• WHAT YOU HAVE TO DO
Could you retype exactly the lines below between the one holding "Item preview, Lord" and the one holding "Delivering The New", inclusive, leaving out any pictures?

• RECORDS
□ □ □

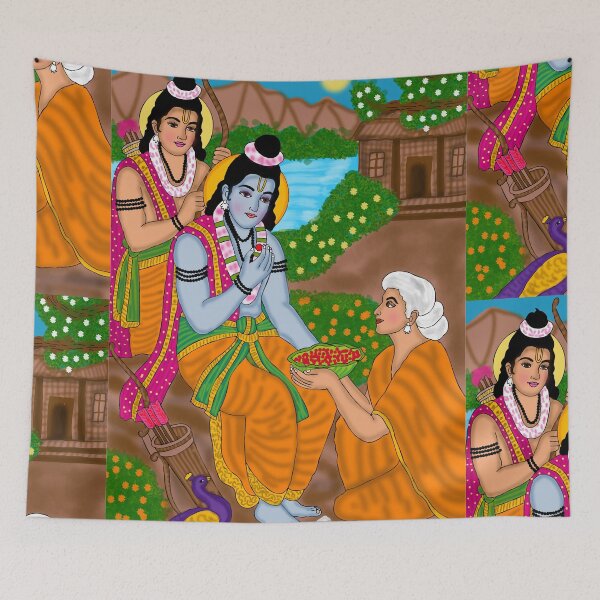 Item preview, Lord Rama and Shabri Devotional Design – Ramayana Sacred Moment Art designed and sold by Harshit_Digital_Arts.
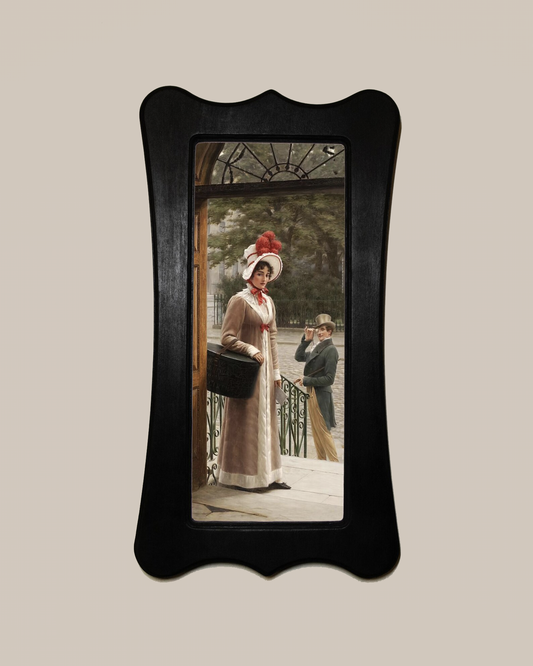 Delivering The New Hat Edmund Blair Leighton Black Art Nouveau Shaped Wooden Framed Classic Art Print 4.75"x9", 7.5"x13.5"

□ □ □

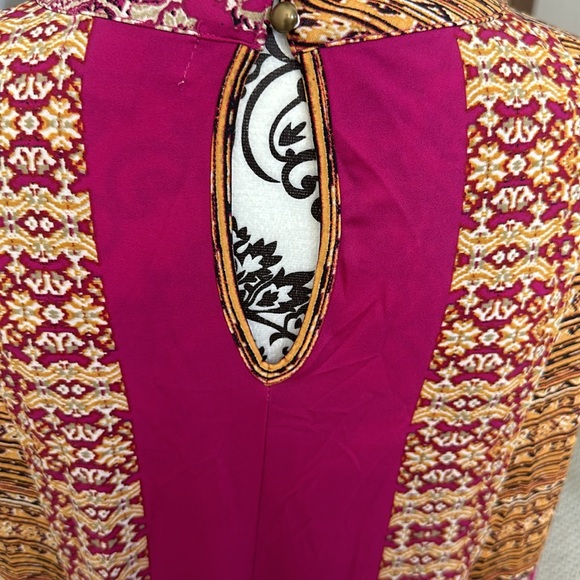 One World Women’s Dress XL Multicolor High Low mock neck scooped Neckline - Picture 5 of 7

□ □ □

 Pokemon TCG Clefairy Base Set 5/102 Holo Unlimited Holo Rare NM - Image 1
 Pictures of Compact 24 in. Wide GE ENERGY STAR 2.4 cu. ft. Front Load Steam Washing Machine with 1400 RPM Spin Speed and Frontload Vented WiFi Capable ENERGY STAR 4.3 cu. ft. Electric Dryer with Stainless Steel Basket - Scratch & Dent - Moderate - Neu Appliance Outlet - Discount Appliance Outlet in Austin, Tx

□ □ □

• OUTPUT OF THE EXERCISE
 Item preview, Lord Rama and Shabri Devotional Design – Ramayana Sacred Moment Art designed and sold by Harshit_Digital_Arts.
 Delivering The New Hat Edmund Blair Leighton Black Art Nouveau Shaped Wooden Framed Classic Art Print 4.75"x9", 7.5"x13.5"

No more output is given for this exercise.